There is the plain fool, who does the wrong thing at all times everywhere, but there is the Wall Street fool, who thinks he must trade all the time. No man can always have adequate reasons for buying and selling stocks daily – or sufficient knowledge to make his play an intelligent play.
Jesse Livermore
Okay – hands up who has a section in their trading plan that accounts for Christmas?
I can guarantee you that only one in ten traders have a section in their plans devoted to the times they will not trade. Most trading plans are geared towards the prospect of constant trading or rather the constant search for opportunities be they real or imaginary.
Within each plan it is necessary to have a series of circuit breakers that tell you when it is not appropriate to trade and I am not talking about price not being above or below X days moving average. What I am talking about is physical and mental relief from the market, conditions that may prompt this partial retirement are.
- Illness.
- Some form of emotional distress.
- The simple need for a holiday
- Periods that are not conducive to trading such as Christmas
Much of the logic regarding traders failure to take a break from the market revolve around two rather interesting forms of delusion.

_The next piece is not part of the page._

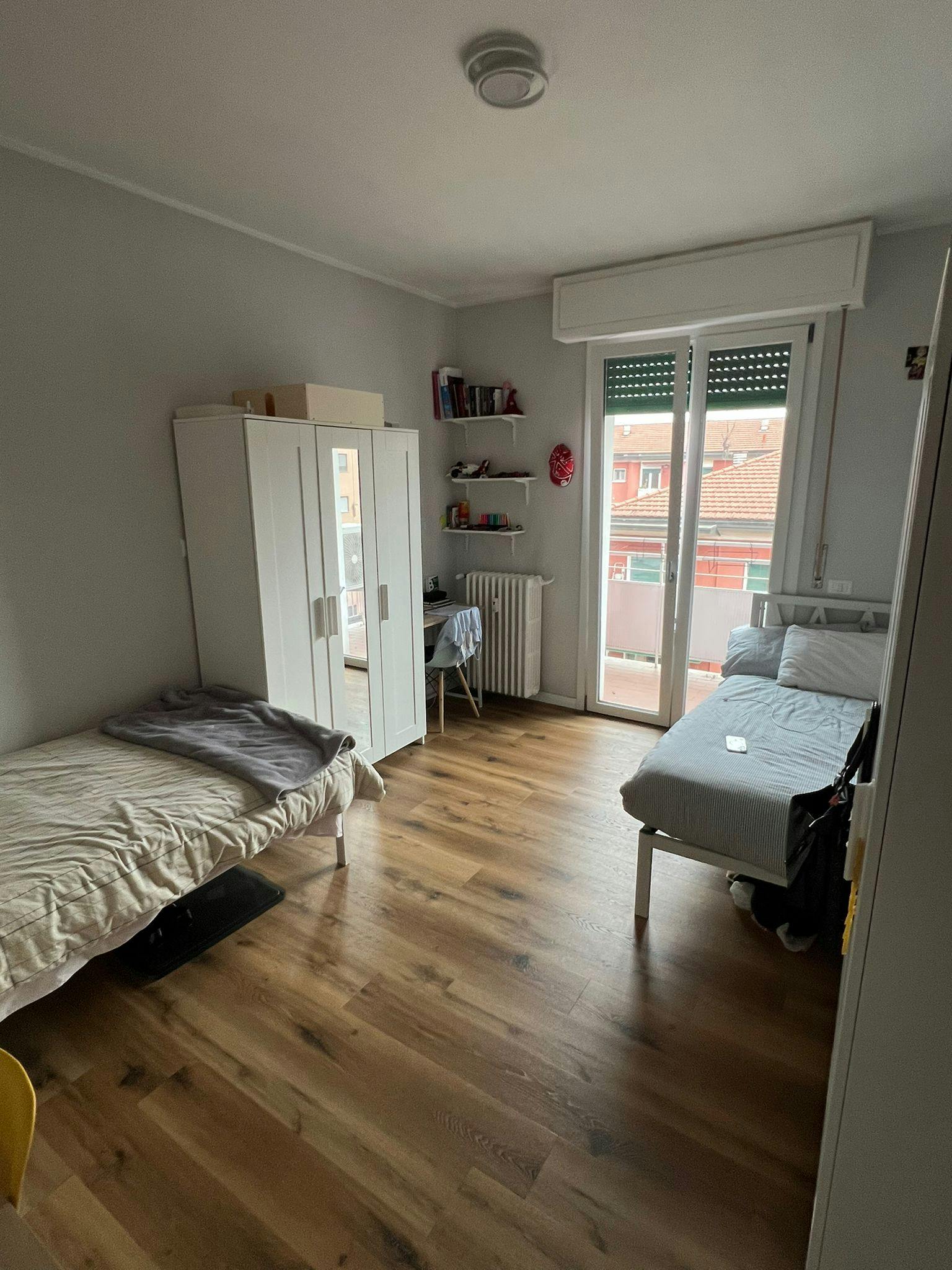 Shared room in Via Lorenteggio, Milan (1730075) ROOM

Firstly, they believe that they will somehow miss out on something, that the magical opportunity that will change their life will occur when they are not looking. Interestingly this is similar to the random reinforcement that occurs in gambling addiction. Gamblers receive reward that is completely random. This inability to attribute success to any consistent pattern of activity forces gamblers to be constantly in the game in the hope of repeating this rather haphazard reward.
The similarities with traders are easy to see – those traders without a consistent approach to the market are subject to random reinforcement. The indiscriminate nature of this reward imposes an addiction to always be in the market upon the trader. They believe that if they are not always in the market then how can they win. Interestingly fund managers still believe despite the overwhelming evidence to the contrary that it is time in the market that is important.

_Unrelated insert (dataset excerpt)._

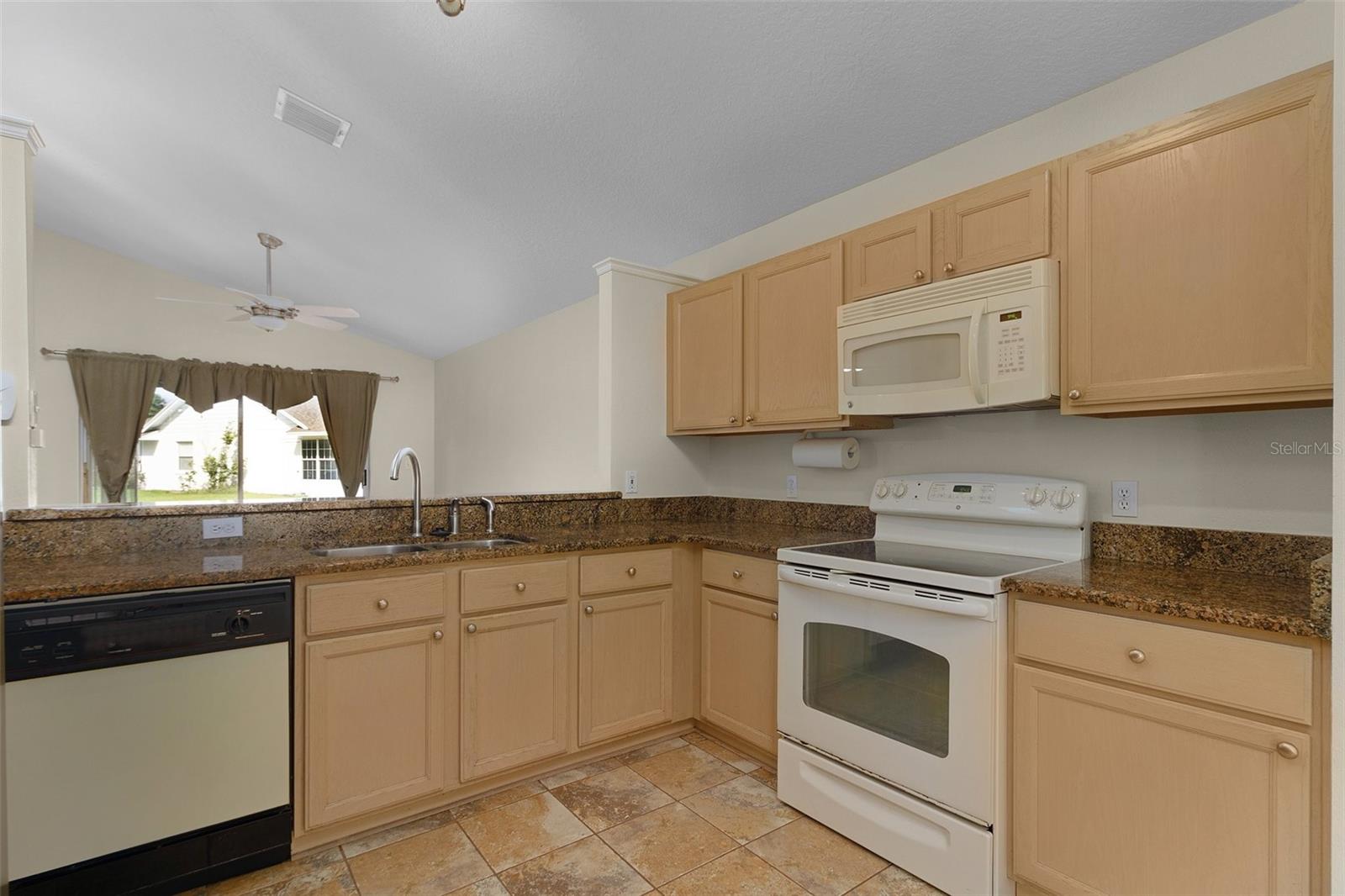 Listing photo id 13 for 2936 Twin Oaks Drive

In addition to this there is also the rather irrational belief that the market will not be there when they get back. Whilst this sounds strange this form of separation anxiety often permeates many endeavours. I see it often in athletes for whom overtraining is a regular occurrence. Just as athletic performance degrades with overtraining such to does trading. Overtrading (impatience) often causes many good trading systems to collapse as traders take trades that don’t exist and exit positions that are doing well because of the need to satisfy their desire for action.
Trading plans should have time out periods built into them, which stipulate that during this time no new positions will be opened and only maintenance activities such as the moving of stops will be undertaken.
If you want a little mental homework for the holidays find a chart of a stock that has trended well for a substantial period times. Copy the quote below onto the chart and the print it out and put it on your desk to remind you that activity does not equally profitability.
The desire for constant action irrespective of underlying conditions is responsible for many losses on Wall Street even among the professionals, who feel that they must take home some money every day, as though they were working for regular wages.